Diógenes
Alfonso Reyes
Diógenes, viejo, puso su casa y tuvo un hijo. Lo educaba para cazador. Primero lo hacía ensayarse con animales disecados, dentro de casa. Después comenzó a sacarlo al campo.
Y lo reprendía cuando no acertaba.
—Ya te he dicho que veas dónde pones los ojos, y no dónde pones las manos. El buen cazador hace presa con la mirada.

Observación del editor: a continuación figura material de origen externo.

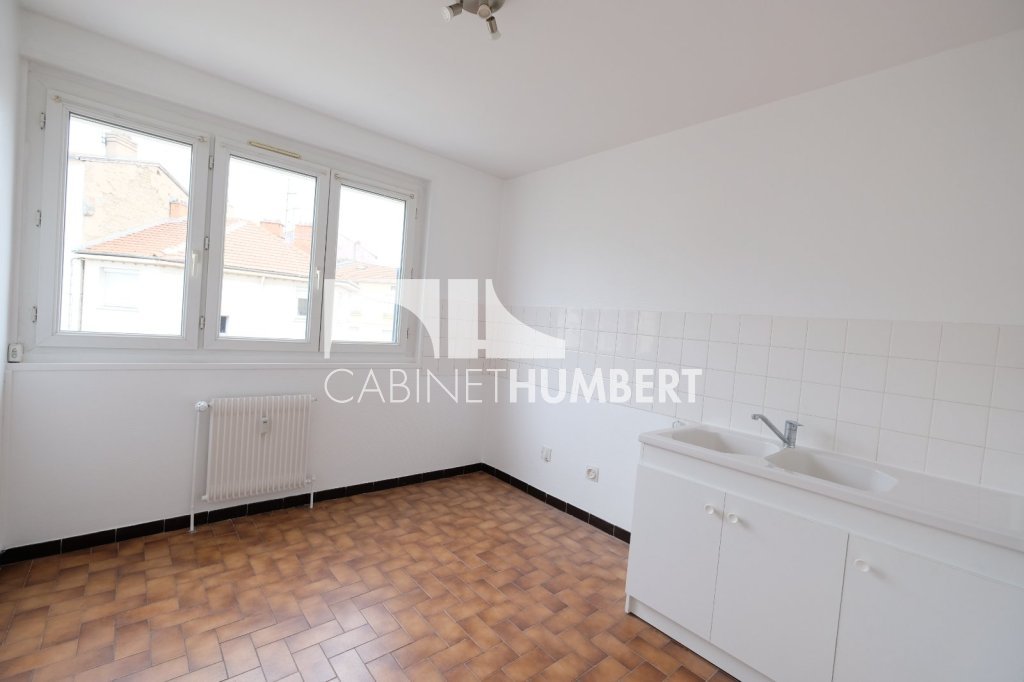 APPARTEMENT T2 A LOUER - ST ETIENNE CHATEAUCREUX - 45.78 m2 - 530 &euro; charges comprises par mois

Y el hijo aprendía poco a poco. A veces volvían a casa cargados, que no podían más; entre el tornasol de las plumas se veían los sanguinolentos hocicos y las flores secas de las patas.
Así fueron dando caza a toda la Fábula: al Unicornio de las vírgenes imprudentes, al contagioso Basilisco; al Pelícano disciplinante y a la misma Fénix, duende de los aromas.
Pero cierta noche que acampaban, y Diógenes proyectaba al azar la luz de su linterna, su hijo le murmuró al oído:
—¡Apaga, apaga tu linterna, padre! ¡Que viene la mejor de las presas, y esta se caza a oscuras! Apaga, que no se ahuyente. ¡Porque ya oigo, ya oigo las pisadas iguales, y hoy sí que hemos dado con el Hombre!